The case resulted in the adoption of Washington’s Clean Air Rule in 2016, however plaintiffs say the rule took too long and did not go far enough. It  exempts the state’s only coal-fired generating station and other big polluters and the plaintiffs say it is not aggressive enough to protect future generations from the dire consequences of climate change.
The rule’s compliance requirements were also suspended in December as the result of a ruling by the Thurston County Superior Court.
“Defendants have a systemic policy, custom and practice of authorizing projects, activities, and policies that cause emissions of dangerous and substantial levels of GHG pollution into the atmosphere,” wrote Andrea Rogers, an attorney with Our Children’s Trust, who is representing the young plaintiffs in the new case.

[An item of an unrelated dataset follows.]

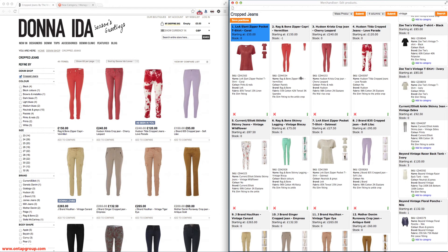All the time these changes are happening within this interface, and it's only when I click on Save Positions that I'm actually saving those into the database. So you can merchandise hundreds of products in one session without affecting the front-end, and then affect the front-end with a single click.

A spokesperson for Inslee’s office said officials  are still reviewing the complaint.
“It is worth noting that Gov. Inslee has spent a considerable part of his life and career dedicated to fighting climate change, fighting for renewable energy, clean air and clean water,” she said, adding that several bills currently before the state legislature would strengthen these efforts.
Representatives from the other defendant agencies did not immediately respond to a request for comment.

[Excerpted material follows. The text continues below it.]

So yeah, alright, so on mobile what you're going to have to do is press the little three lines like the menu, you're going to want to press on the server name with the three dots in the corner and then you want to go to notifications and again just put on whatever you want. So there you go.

“This lawsuit that we’re filing should open the Washington government’s eyes to the fact that they have to do more than tell the public that we need to use cleaner energy. They need to stop causing climate change and use clean energy,” said 16-year-old plaintiff India B., who recently had to evacuate her home due to wildfires made worse by climate change.
The plaintiffs are seeking an injunction that would force Washington to develop an enforceable and science-based state climate recovery plan to reduce greenhouse gas emissions and protect the climate. Plaintiffs are also asking the court to monitor the state’s progress toward meeting the plan’s goals similar to court monitoring in the landmark Brown v. Board of Education civil rights decision and the Brown v. Plata prison overcrowding case.
“This lawsuit gives the Washington state government a chance to take the lead and commit to the citizens it serves and the lives it must protect,” said 17-year-old Aji Piper, who is also one of 21 young plaintiffs who are suing the federal government in Juliana v. United States.
After filing the suit, Rogers sent a letter to Inslee on behalf of the plaintiffs, expressing their willingness to work with him, but stressing that time is of the essence.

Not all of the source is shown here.